The pizza place owner was basically Mr. Panucci from Futurama... "Pizza going out... C'MON!!!"


More Like a Goat than a Goat

The following day we headed down to the Museum of Modern Art after being lured in by a poster advertising a Picaso sculpture exhibition.

More like a goat than a real goat? Seems like one of those "wetter than water" type comments.

My favourite piece was this recently excavated fishing boat which had been shot at by hundreds of arrows. It was inspired by the story of a Chinese general. The legend goes that the general's army was running out of arrows so he took a boat filled with straw men and feigned an attack on the enemy.

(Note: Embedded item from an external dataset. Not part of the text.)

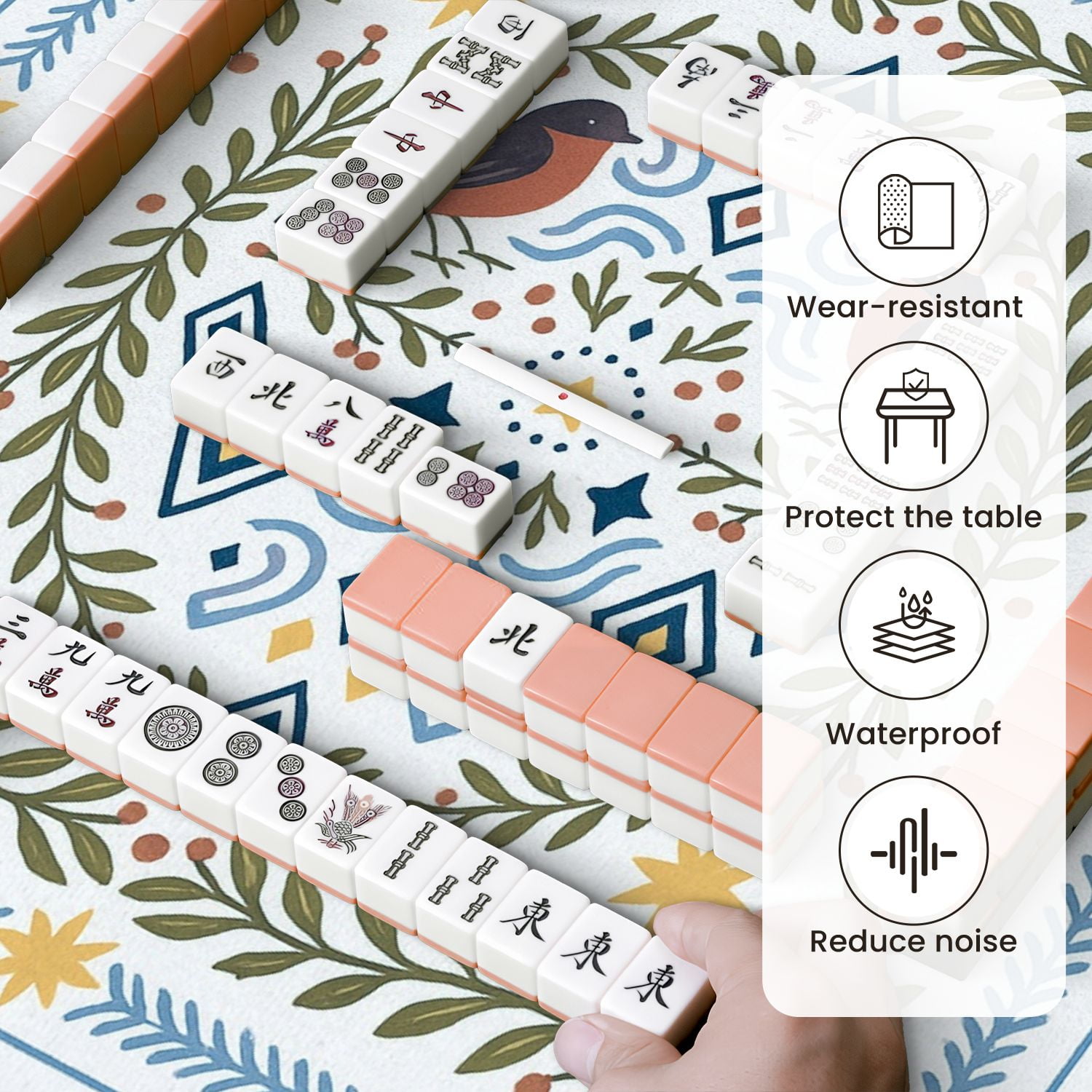 Mahjong Mat 31.5" x 31.5" Floral Bird Geometric Accents Earthy Tones Anti-Slip and Noise Reduction Symmetry Design Mahjong Tiles Table Cover for Dominoes Poker Card Board and Tile Games
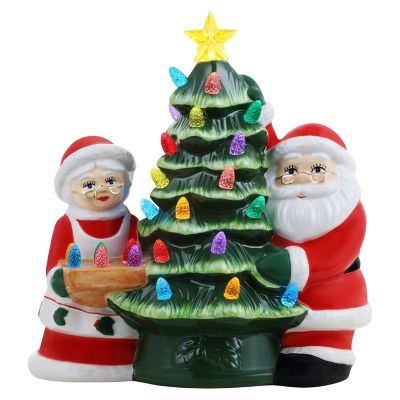 Mr. Christmas 9.25" Santa And Mr Claus Nostalgic Tree, Green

When the boat returned it was so pin-cushioned that the general was able to replenished the armies supplies. I loved this story because of the sheer cheeky audacity of the general.

Or it could just be a very abstract hedgehog..

There was also the papier-mâché star spangled banner for some reason.

A Walk in The Park

After the museum we headed down to Central Park. It was hard to believe that it still felt like Autumn in early December. The weather was mild and the trees were still flush with their autumnal plumage. We came across a talented group of lads managing to rob a crowd blind out of sheer peer pressure. They did eventually pull of some stunts but I estimate they made $1000 in donations in less than 30 minutes. This goes to show what the power of true entertainers can achieve. They did this by doing a couple of quick backflips and handstands and getting a bit of a crowd going. Then with well rehearsed lines and speaking in perfect unison to naturally amplify themselves to a crowd of hundreds, they whipped up the crowd into a frenzy with some gags and by celebrating every donation they got. Dozens of people offered them up and each was greeted with a "Hey Guys! I just got twenty dollars!", "From Who?", the rest of the lads would hail in time, "This girl" "Where's she from" and so it went on. They really built up the tension and managed to get hundreds of dollars in donations. President Obama may be interested in change but these guys were interested in tens, twenties and fifties! They eventually managed an impressive finale involving jumping over about half a dozen people in a line. Impressive in itself but not as impressive as how successful their little show was.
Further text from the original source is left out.